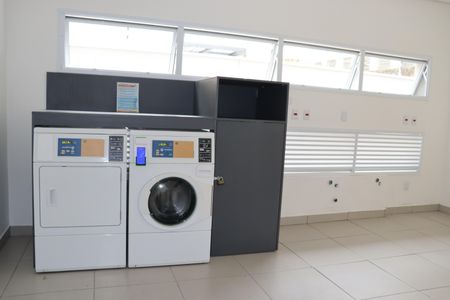 Studio para alugar com 33m², 1 quarto e 1 vagalavanderia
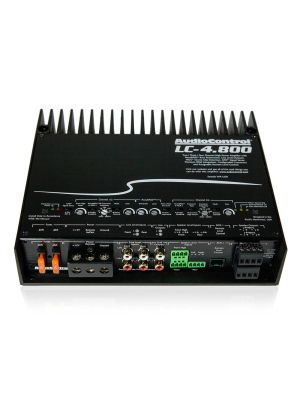 AudioControl LC-4.800 800W High-Power 4CH Amplifier with AccuBASS®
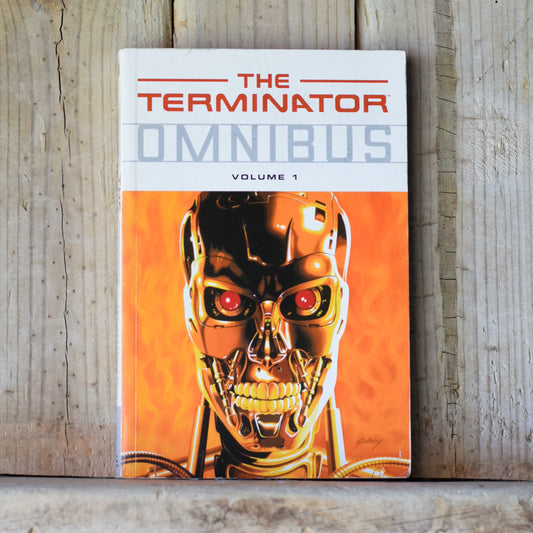 Graphic Novel: The Terminator Omnibus Volume 1 FIRST EDITION/PRINTING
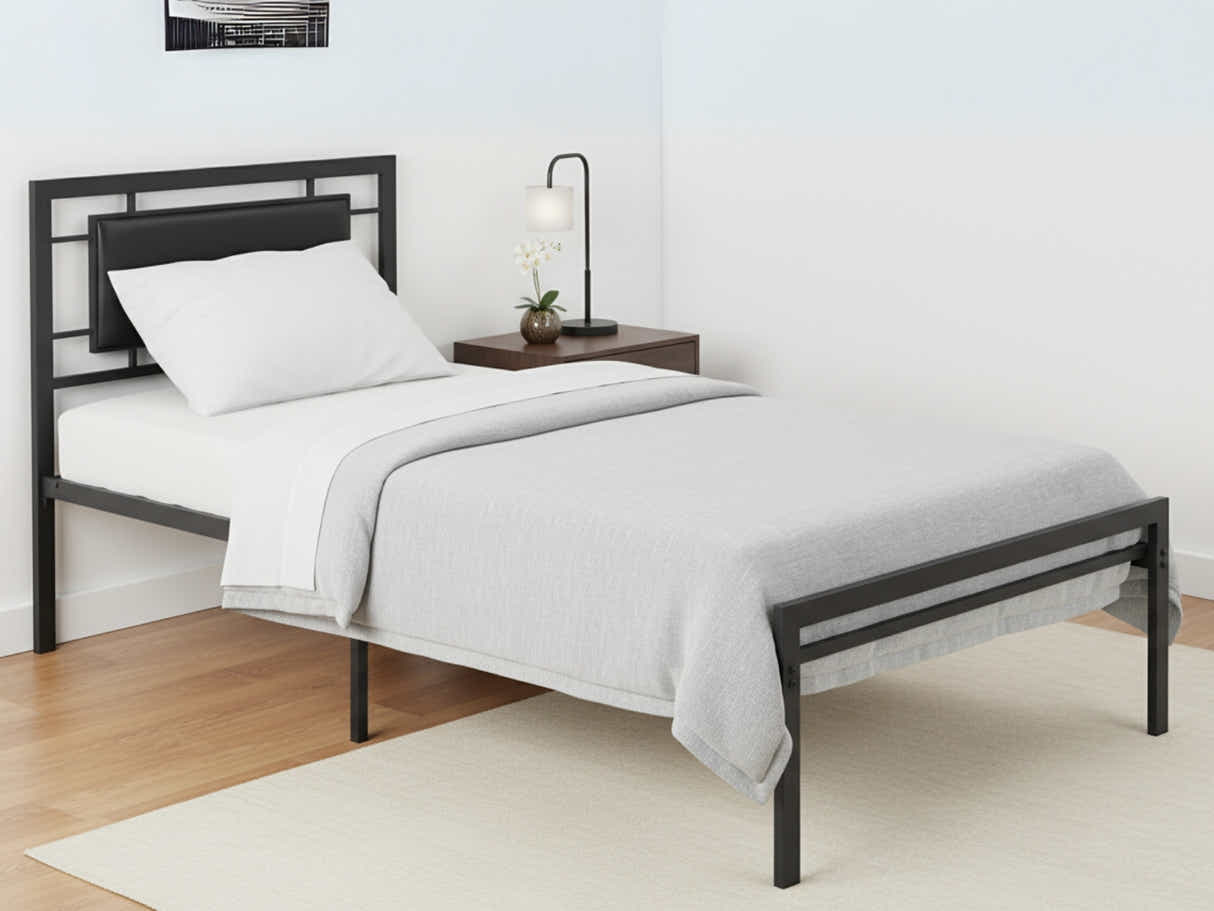 Dakota Metal Bed Frame - Single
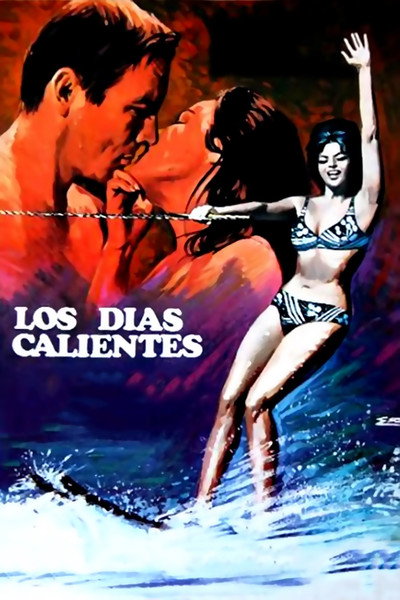 Póster de Los días calientes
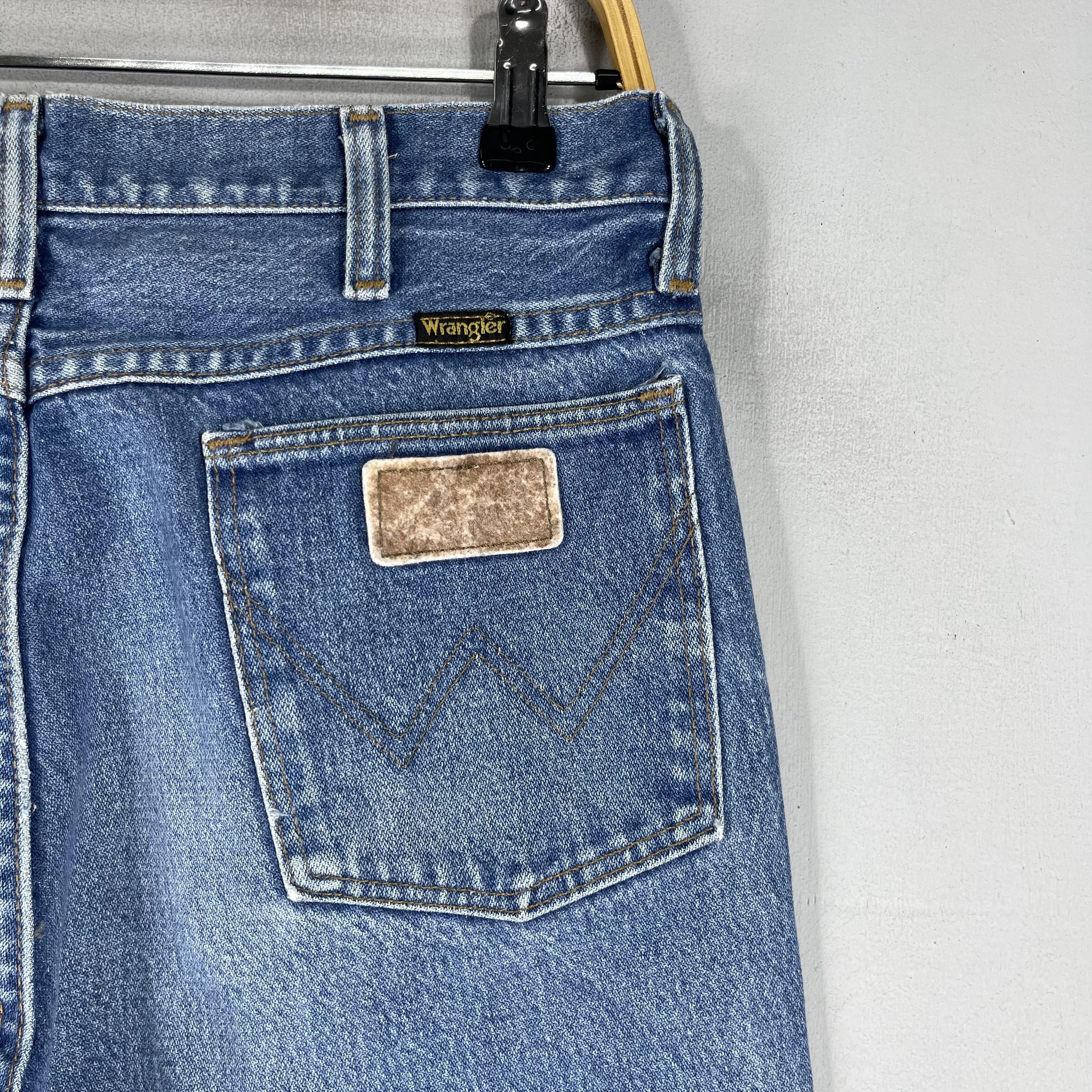 Vintage × Wrangler Size 30 Vintage Wrangler Medium Wash Jeans Made In Usa Size US 30 / EU 46 - 9 Thumbnail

# # # # # # #

Restate the data above word for word, omitting every picture.

* [Task result]
 Studio para alugar com 33m², 1 quarto e 1 vagalavanderia
 AudioControl LC-4.800 800W High-Power 4CH Amplifier with AccuBASS®
 Graphic Novel: The Terminator Omnibus Volume 1 FIRST EDITION/PRINTING
 Dakota Metal Bed Frame - Single
 Póster de Los días calientes
 Vintage × Wrangler Size 30 Vintage Wrangler Medium Wash Jeans Made In Usa Size US 30 / EU 46 - 9 Thumbnail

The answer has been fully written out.